▶ **What this task involves**: Write out the entire listing below exactly as it appears, minus any pictures.

▶ **Data excerpt**:

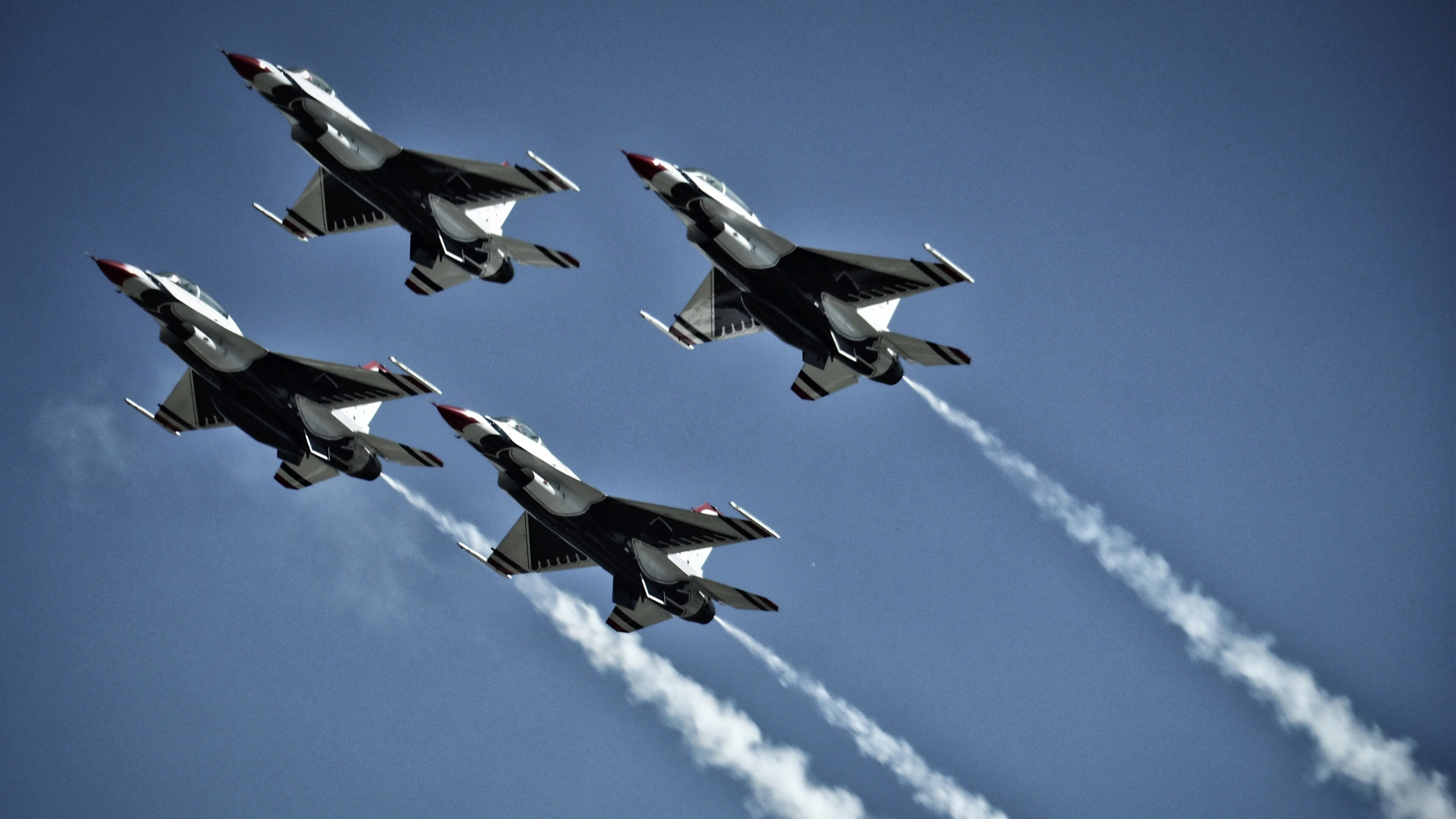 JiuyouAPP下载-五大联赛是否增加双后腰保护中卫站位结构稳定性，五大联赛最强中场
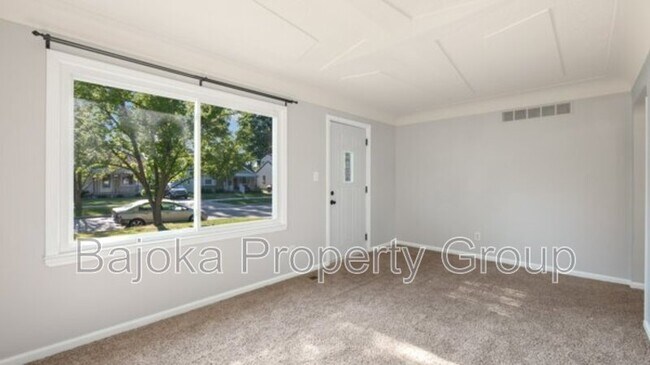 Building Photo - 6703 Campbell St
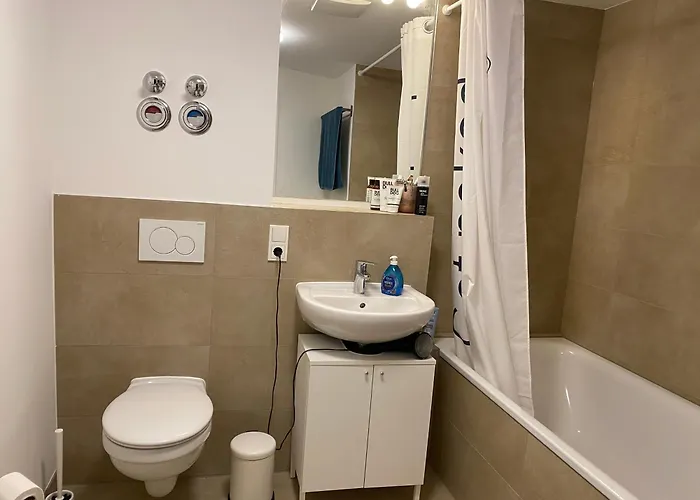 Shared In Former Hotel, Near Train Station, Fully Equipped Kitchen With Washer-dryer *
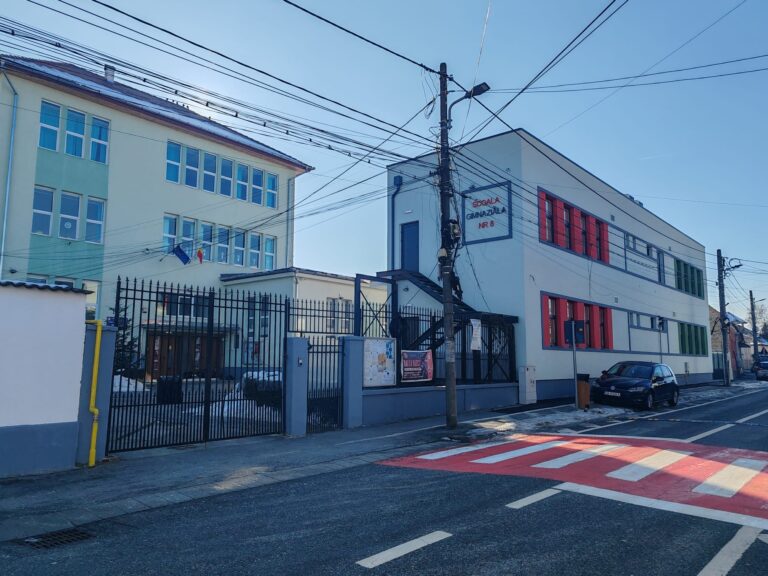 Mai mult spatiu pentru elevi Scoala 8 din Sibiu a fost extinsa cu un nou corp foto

▶ **Expected answer**:
 JiuyouAPP下载-五大联赛是否增加双后腰保护中卫站位结构稳定性，五大联赛最强中场
 Building Photo - 6703 Campbell St
 Shared In Former Hotel, Near Train Station, Fully Equipped Kitchen With Washer-dryer *
 Mai mult spatiu pentru elevi Scoala 8 din Sibiu a fost extinsa cu un nou corp foto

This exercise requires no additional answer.